| HN Mirror

Y	Hacker News new \| ask \| show \| jobs


	by thinkersilver 4076 days ago
	Kubernetes is going to become the standard api for container orchestration only because there are no other tools out there trying to do as much. There was a vacuum around container orchestration tooling and Google got there first. Kubernetes components can be swapped out for other community-driven efforts, take mesos as an example, which can be used to replace the default k8s scheduler. With k8s you can avoid lock-in with different cloud providers. I think Google is hoping that we end up on their cloud platform but its nice to see that it is being built from the ground up to be used with other cloud platforms.

1 comments

InTheArena 4076 days ago

I'm really not sold on this yet. We've done a number of projects testing and using Kubernetes, CoreOS, Mesos and most recently, Docker's swarm. It's been interesting to see how and why the technology space is evolving, but a couple of general thoughts: 1) The concept of container as primitive, especially the thorough implementation that Docker put together is extraordinarily powerful. 2) The swarm idea - which provides a matching API to the Docker API - is a really near idea, even if it lacks the HA and scheduling functions to really make things work well. 3) I think the next evolution is really to iron out the network stack here. Kubernetes needs flannel in most circumstances, and the process is not seamless or as simple as Docker.

I'd also love to know the split between this, Omega, and Kubernetes at Google.

link

jamesblonde 4076 days ago

I have heard that the Borg is still quite widely used at Google, and Omega hasn't taken over as had previously been expected. Omega is a distributed scheduler, and we can only speculate as to why Omega hasn't taken over. My speculation would be that the optimistic concurrency control in Omega leads to storms at very high loads - attempts to allocate containers that need to be rolled back because of contention. With PCC at high loads, you get progress.

link

nostrademons 4076 days ago

There's also just plain legacy inertia. Many existing systems are on Borg; many of their dependencies are on Borg; most Google engineers are much more familiar with Borg than Omega, and the teammates they might ask for help & advice are also more familiar with Borg than Omega.

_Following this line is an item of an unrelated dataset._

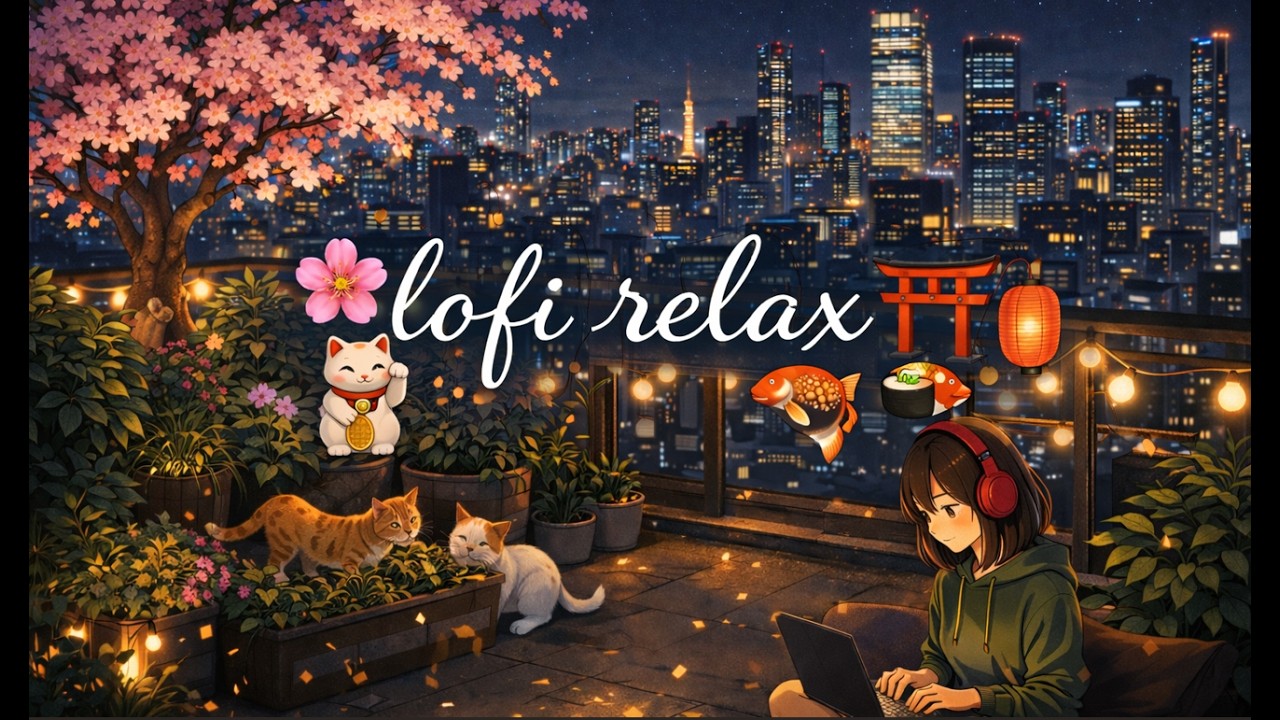 Lofi Relax 🌙 24/7 Study & Work Beats | Japanese Rooftop Night Ambience 🐱✨ Calm Chill Music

Think of how long the Python 2->3 transition has taken (outside Google, not speaking in Google terms anymore). It's been six years, and we're only now reaching the point where Python 3 may be a better choice for green-field projects than Python 2, and Python 3 may never be a better choice for legacy installs. The Borg -> Omega transition has a similar dependency issue (everything runs in the cloud at Google), the learning curve is worse than Python 2->3, and all of Google's code is legacy. That's independent of any technical differences between them, and also irrelevant to whether an organization just getting onto the cloud would be better off with Docker, Mesos, or Kubernetes.

link

jamesblonde 4076 days ago

That's an issue, I guess for many apps. However, Google tend to make company-wide technical decisions, and then the entire engineering crowd go there. How many other companies have one SCM instance? None. If there were unrefutable economic gains to be made by moving to Omega today, my guess they would do it.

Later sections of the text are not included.